** Task to complete **
Please give the lines below again exactly as they stand, from the one that contains "Young Terry Maendel, the" up to and including the one that contains "Small waterfall, Terras", leaving all pictures out.

__________________________________________________

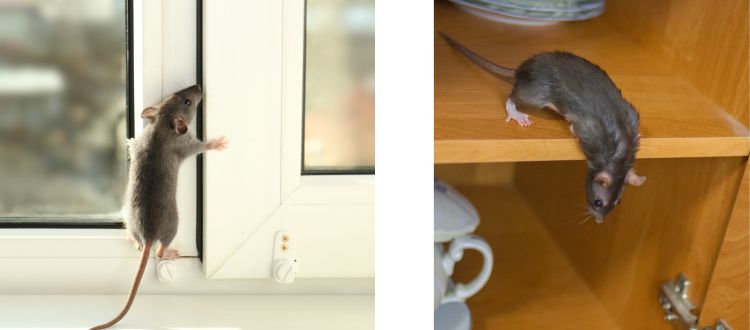 Rats 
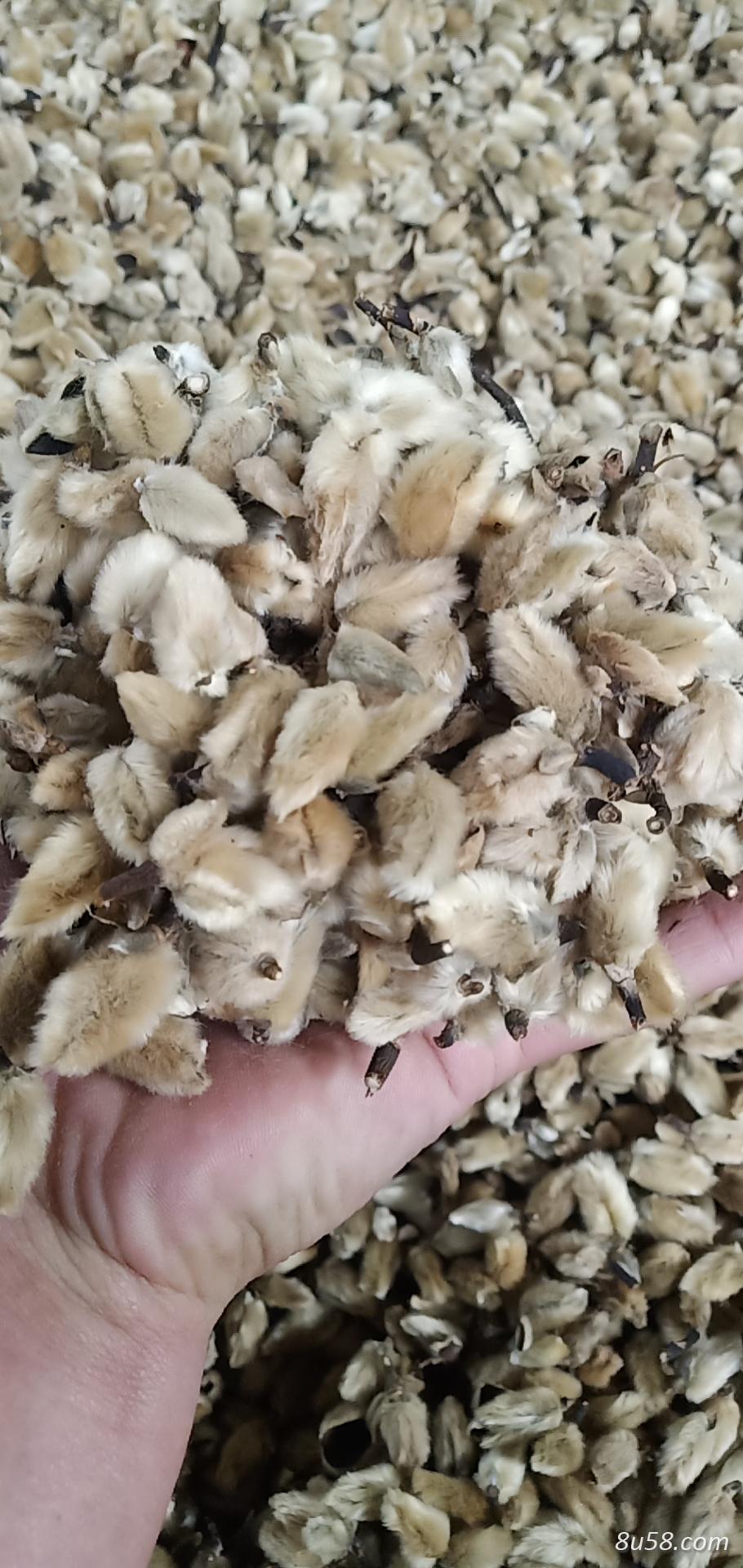 辛夷花 毛桃  产地直销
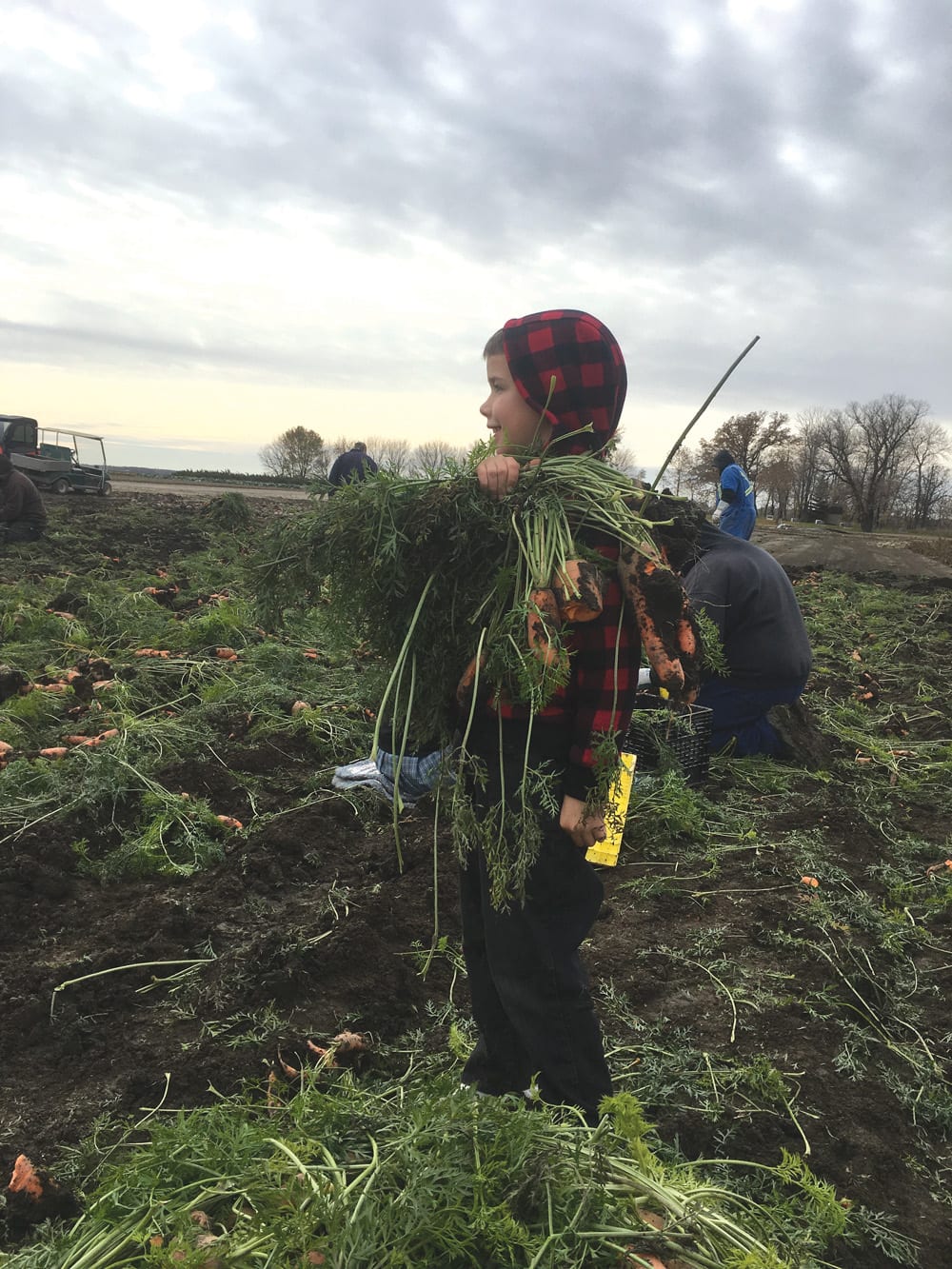 Young Terry Maendel, the author’s nephew, continues a long tradition of pitching in at the colony garden.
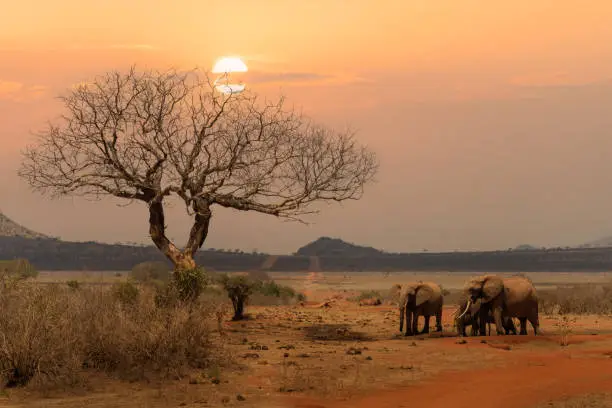 herd of African elephants standing together during sunset at Tsavo East national park Kenya.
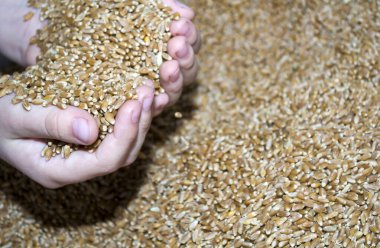 Tahıl içindeki bir çocuğun elleri, çocuk beslenme eksikliği..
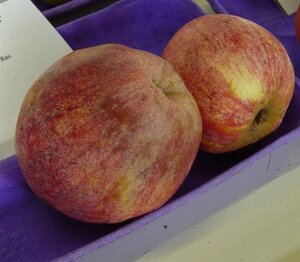 Malus d. 'Drentsche Bellefleur' 8-10 Hoogstam wortelgoed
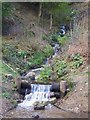 Small waterfall, Terras Hill Wood near Restormel in PL22 0EE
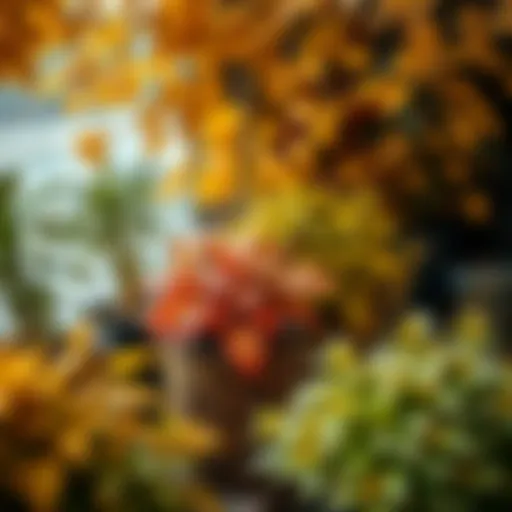 Colorful fall leaves surrounding potted plants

__________________________________________________

** Output of the exercise **
 Young Terry Maendel, the author’s nephew, continues a long tradition of pitching in at the colony garden.
 herd of African elephants standing together during sunset at Tsavo East national park Kenya.
 Tahıl içindeki bir çocuğun elleri, çocuk beslenme eksikliği..
 Malus d. 'Drentsche Bellefleur' 8-10 Hoogstam wortelgoed
 Small waterfall, Terras Hill Wood near Restormel in PL22 0EE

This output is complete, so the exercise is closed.